Rüegg, Jonas. “Review of Tagliacozzo, Eric, In Asian Waters: Oceanic Worlds from Yemen to Yokohama.” H-Water, H-Net Reviews, no. 3 (2023). https://www.h-net.org/reviews/showpdf.php?id=58318.
In Asian Waters is a big, fascinating, at times overwhelming book, with which the author Eric Tagliacozzo achieves a special feat, that of writing a global history of maritime commerce and exchange that functions largely independently of Eurocentric narratives and chronologies. It does so by redefining “Asia” not as the landmass east of the Bosporus, but as a maritime zone lined up along the shores of a vast terraqueous zone that stretches from the shores of eastern Africa to the Southeast Asian Archipelago and all the way to the icy waters of the Sea of Okhotsk. Tagliacozzo’s choice to connect the histories of places as disparate as Hormuz, Zamboanga, and Yokohama around a shared maritime geography is both provocative and powerful. The book’s unconventionally large geographical and temporal scope enables new perspectives on big processes, by surveying and connecting distant bodies of scholarship.

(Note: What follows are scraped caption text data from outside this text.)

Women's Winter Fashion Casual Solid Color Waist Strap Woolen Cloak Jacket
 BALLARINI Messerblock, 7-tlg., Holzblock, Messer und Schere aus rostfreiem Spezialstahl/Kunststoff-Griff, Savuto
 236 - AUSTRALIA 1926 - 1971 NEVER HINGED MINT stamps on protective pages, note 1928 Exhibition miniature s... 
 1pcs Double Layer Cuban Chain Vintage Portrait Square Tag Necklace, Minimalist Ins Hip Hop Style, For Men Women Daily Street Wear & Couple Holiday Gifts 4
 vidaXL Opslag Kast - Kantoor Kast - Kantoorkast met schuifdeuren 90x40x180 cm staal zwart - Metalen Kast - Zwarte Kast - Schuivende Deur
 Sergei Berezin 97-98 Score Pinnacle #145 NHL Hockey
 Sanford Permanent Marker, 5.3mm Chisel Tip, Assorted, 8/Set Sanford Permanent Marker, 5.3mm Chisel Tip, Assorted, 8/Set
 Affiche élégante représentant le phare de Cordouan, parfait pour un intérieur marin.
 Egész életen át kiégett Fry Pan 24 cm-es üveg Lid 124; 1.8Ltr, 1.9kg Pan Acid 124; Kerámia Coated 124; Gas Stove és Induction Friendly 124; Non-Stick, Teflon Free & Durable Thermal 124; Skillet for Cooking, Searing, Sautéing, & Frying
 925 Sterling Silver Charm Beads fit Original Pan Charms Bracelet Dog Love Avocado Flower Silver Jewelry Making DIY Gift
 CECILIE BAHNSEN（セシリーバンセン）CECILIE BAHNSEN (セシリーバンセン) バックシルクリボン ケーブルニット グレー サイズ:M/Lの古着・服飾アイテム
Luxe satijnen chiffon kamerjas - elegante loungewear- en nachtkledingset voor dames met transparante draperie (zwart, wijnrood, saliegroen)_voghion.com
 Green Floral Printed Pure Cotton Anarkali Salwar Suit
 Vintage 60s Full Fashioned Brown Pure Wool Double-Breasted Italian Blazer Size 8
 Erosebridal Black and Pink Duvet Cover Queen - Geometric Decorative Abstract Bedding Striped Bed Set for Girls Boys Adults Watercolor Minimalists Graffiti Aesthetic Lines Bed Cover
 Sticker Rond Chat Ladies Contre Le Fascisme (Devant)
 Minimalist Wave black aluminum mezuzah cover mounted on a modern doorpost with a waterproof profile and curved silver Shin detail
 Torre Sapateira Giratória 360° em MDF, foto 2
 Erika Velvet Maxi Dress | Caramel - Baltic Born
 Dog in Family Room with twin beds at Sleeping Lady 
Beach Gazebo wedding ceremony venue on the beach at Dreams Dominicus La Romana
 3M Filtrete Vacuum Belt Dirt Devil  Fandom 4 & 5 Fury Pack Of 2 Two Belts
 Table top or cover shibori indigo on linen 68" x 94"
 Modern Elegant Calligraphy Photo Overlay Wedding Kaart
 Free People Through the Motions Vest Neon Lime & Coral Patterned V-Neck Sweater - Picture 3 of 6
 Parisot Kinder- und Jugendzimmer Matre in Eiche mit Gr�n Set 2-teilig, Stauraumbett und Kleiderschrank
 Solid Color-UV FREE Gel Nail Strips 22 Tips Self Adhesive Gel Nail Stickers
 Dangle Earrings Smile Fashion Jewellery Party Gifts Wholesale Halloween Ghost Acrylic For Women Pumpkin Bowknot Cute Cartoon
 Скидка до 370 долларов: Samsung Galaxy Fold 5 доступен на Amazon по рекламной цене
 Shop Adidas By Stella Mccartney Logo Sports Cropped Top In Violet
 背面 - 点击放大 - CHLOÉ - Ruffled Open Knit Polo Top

Its great ambition, and the sheer vastness of ground covered, however, unavoidably obfuscate the book’s many arguments at times, and they program a somewhat encyclopedic tendency. Nevertheless, In Asian Waters makes an important contribution to a fast-evolving field. As historians and anthropologists explore the oceanic dimensions of their regional fields, big pictures like the one Tagliacozzo paints play an increasingly important role in facilitating transregional and multidisciplinary conversations.